Dan Morales, Atty. Gen., Christine Monzingo, Asst. Atty. Gen., Taxation Div., Austin, for appellees.
Before CARROLL, C.J., and JONES and KIDD, JJ.
JONES, Justice.
This is a dispute over franchise taxes the State Comptroller assessed against appellant, Texas Utilities Electric Company ("TUEC"). TUEC sued for a refund, and the trial court rendered summary judgment against TUEC. We will modify and affirm the judgment.
BACKGROUND
TUEC, an electric utility, leases gas combustion turbines in order to generate electricity. TUEC entered into certain operating lease agreements in 1987. The agreements obligate TUEC to pay semi-annual rentals for about twenty-seven years. TUEC does not have an ownership interest in the turbines; it simply has the right to use them pursuant to the long-term operating lease agreements.
In computing its franchise tax obligations for the years 1988, 1989, and 1990, TUEC sought to deduct the amount of its future rental expense under the operating leases. See generally Tex. Tax Code Ann. §§ 171.001-.687 (West 1992 & Supp.1998) ("Tax Code"). TUEC paid its franchise taxes without deducting the future rentals, but then filed suit for a refund in district court. See id. § 112.151.[1] Both TUEC and the *725 Comptroller moved for summary judgment. In their motions for summary judgment, the parties disagreed over whether the relevant Tax Code provisions allow TUEC to deduct the amount of the future rental expense.
The Comptroller also filed a counterclaim. See Tax Code § 112.1512. In its counterclaim, the Comptroller argued that in the event TUEC is allowed to deduct the value of the future rentals, it should be required to offset the deduction by recognizing a gain in assets.
The district court granted the Comptroller's motion for summary judgment and also purported to grant its counterclaim. The court denied TUEC's motion and rendered judgment that TUEC take nothing. TUEC appeals by two points of error. First, TUEC argues that the district court erred by granting the Comptroller's motion for summary judgment and by denying TUEC's motion. Second, TUEC argues the district court erred in granting the Comptroller's counterclaim.
DISCUSSION
We first address the issue TUEC presents in point of error one: whether the Tax Code allows TUEC to deduct the value of future rentals under its long-term operating leases for purposes of calculating its current-year franchise tax obligation.
Texas corporations and limited liability companies[2] pay franchise tax in part on their "net taxable capital." See Tax Code §§ 171.001, .002. The determination of "net taxable capital" requires the application of a sequence of definitions in the Tax Code.
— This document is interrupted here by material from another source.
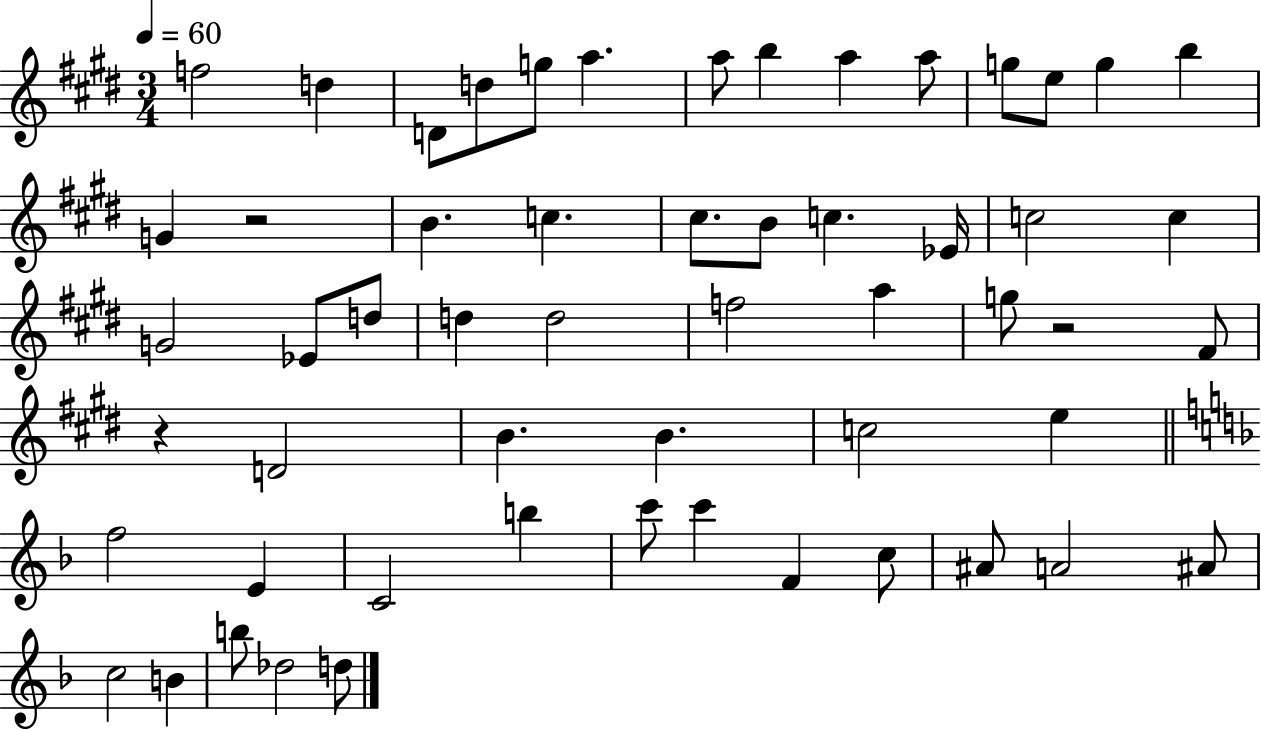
F5/h D5/q D4/e D5/e G5/e A5/q. A5/e B5/q A5/q A5/e G5/e E5/e G5/q B5/q G4/q R/h B4/q. C5/q. C#5/e. B4/e C5/q. Eb4/s C5/h C5/q G4/h Eb4/e D5/e D5/q D5/h F5/h A5/q G5/e R/h F#4/e R/q D4/h B4/q. B4/q. C5/h E5/q F5/h E4/q C4/h B5/q C6/e C6/q F4/q C5/e A#4/e A4/h A#4/e C5/h B4/q B5/e Db5/h D5/e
For example, "net taxable capital" includes the corporation's "surplus." Id. § 171.101. "Surplus" includes the corporation's "net assets." Id. § 171.109(a)(1). "Net assets" means "the total assets of a corporation minus its total debts." Id. § 171.109(a)(2). In other words, "debts" are deductible from a corporation's taxable surplus under the Tax Code.
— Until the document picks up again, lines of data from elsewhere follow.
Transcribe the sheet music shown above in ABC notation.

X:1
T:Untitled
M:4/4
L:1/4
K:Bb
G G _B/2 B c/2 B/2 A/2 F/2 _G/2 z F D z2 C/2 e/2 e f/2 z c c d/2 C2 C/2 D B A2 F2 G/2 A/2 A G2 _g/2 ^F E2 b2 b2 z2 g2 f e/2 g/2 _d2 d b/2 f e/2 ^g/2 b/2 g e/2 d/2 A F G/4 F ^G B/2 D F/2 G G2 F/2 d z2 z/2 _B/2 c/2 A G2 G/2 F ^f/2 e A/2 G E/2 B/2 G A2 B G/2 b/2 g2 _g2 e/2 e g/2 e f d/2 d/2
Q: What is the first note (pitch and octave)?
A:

This case turns on whether TUEC's future rentals under its long-term operating leases are deductible "debt" under the Tax Code. The Tax Code defines a "debt" as "any legally enforceable obligation measured in a certain amount of money which must be performed or paid within an ascertainable period of time or on demand." Id. § 171.109(a)(3). Both parties agree that TUEC's future rentals fall within this definition. TUEC argues that this fact alone means the future rentals should be deducted from the "surplus" that ultimately comprises part of its "net taxable capital."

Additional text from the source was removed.